Madrid-based Amadeus said it had acquired a minority shareholding in Caphenia, which is working on a method to produce synthetic gas as an alternative feedstock for SAF.
The deal marks Amadeus’ second investment in a company focused on making travel more sustainable after taking a stake in emissions data specialist Chooose last year.
Caphenia has been working on creating a synthetic gas from a mixture of biogas, CO2, water and electricity, which could be used to produce a variety of renewable fuels.
The process has so far been “proved in laboratory conditions” and the company is looking to scale up production “in the near future”.
Mark Misselhorn, CEO of Caphenia, said: “Our process is affordable – using one sixth of the electricity needed for alternative SAF production methods – and scalable. We have an ambition to offer large scale production by 2028, aiming to fill the gap between anticipated SAF demand and current supply.”
Amadeus said the latest investment would give it “enhanced visibility into the challenges” of the SAF sector and allow it to “further explore the role” the company can play in helping the aviation industry move towards its goal of achieving net zero carbon emissions by 2050.
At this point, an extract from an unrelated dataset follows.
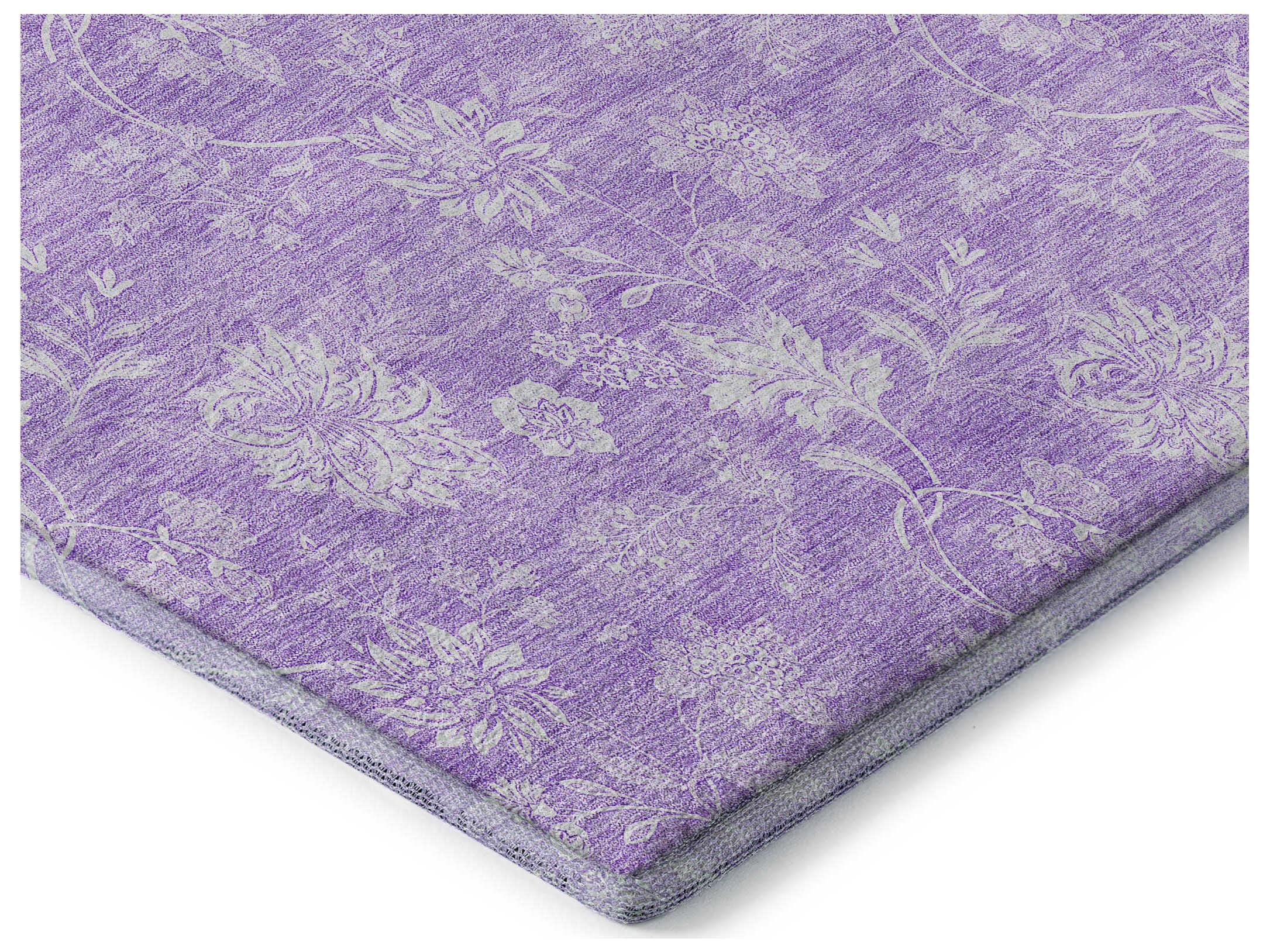 Dalyn Mayfield Floral Area Rug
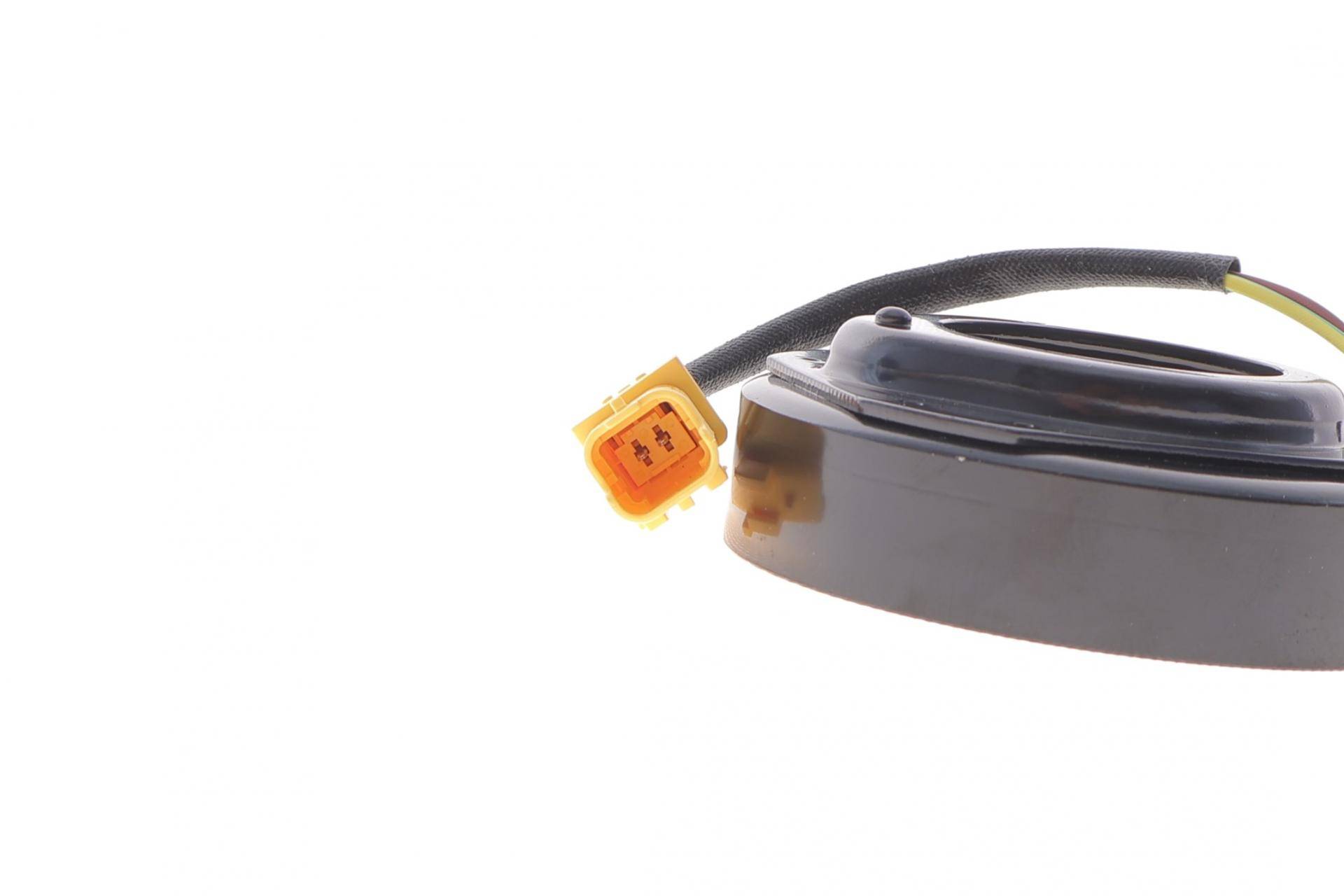 Муфта компресора кондиціонера Citroen C3/C4 05-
Suzanna Chiu, head of ventures at Amadeus, added: “We monitor industry trends and developments to determine the most effective ways we can fulfil this ambition and are delighted to act today with the investment in an innovative SAF company.
“The transaction represents a step forward in our sustainability strategy, taking the perspective from a different part of the value chain in the industry. As the industry moves toward its goal of reaching net zero by 2050, we are taking concrete steps to accelerate the process.”